DATASET CONTENT
***
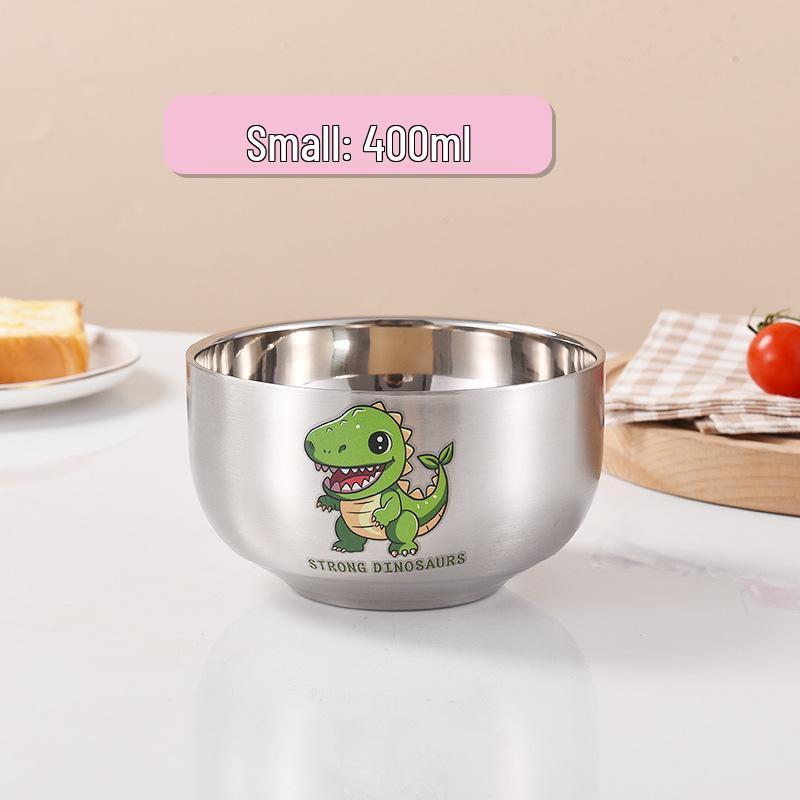 Children's Cartoon Zodiac Insulated Stainless Steel Bowl - Food Grade, Double Layer, Anti-Fall Design
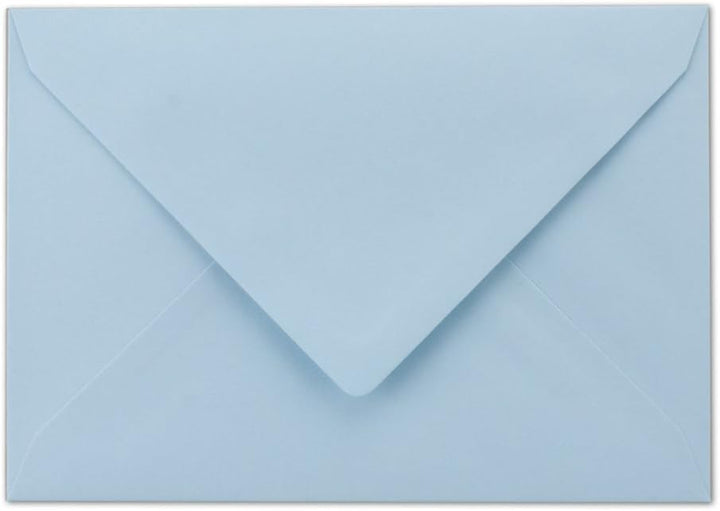 50 Briefumschläge Hellblau - DIN C6 - gefüttert mit weissem Seidenpapier - 80 g/m² - 11,4 x 16,2 cm
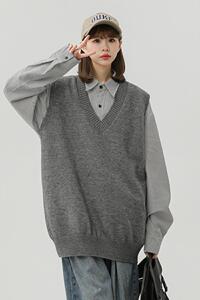 2099-P45学院风V领毛衣男麻花针织衫背心ins潮牌无袖外搭马甲图片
***
YOUR GOAL
Return the whole of the material above exactly, with no picture carried over.

OUTPUT OF THE TASK
 Children's Cartoon Zodiac Insulated Stainless Steel Bowl - Food Grade, Double Layer, Anti-Fall Design
 50 Briefumschläge Hellblau - DIN C6 - gefüttert mit weissem Seidenpapier - 80 g/m² - 11,4 x 16,2 cm
 2099-P45学院风V领毛衣男麻花针织衫背心ins潮牌无袖外搭马甲图片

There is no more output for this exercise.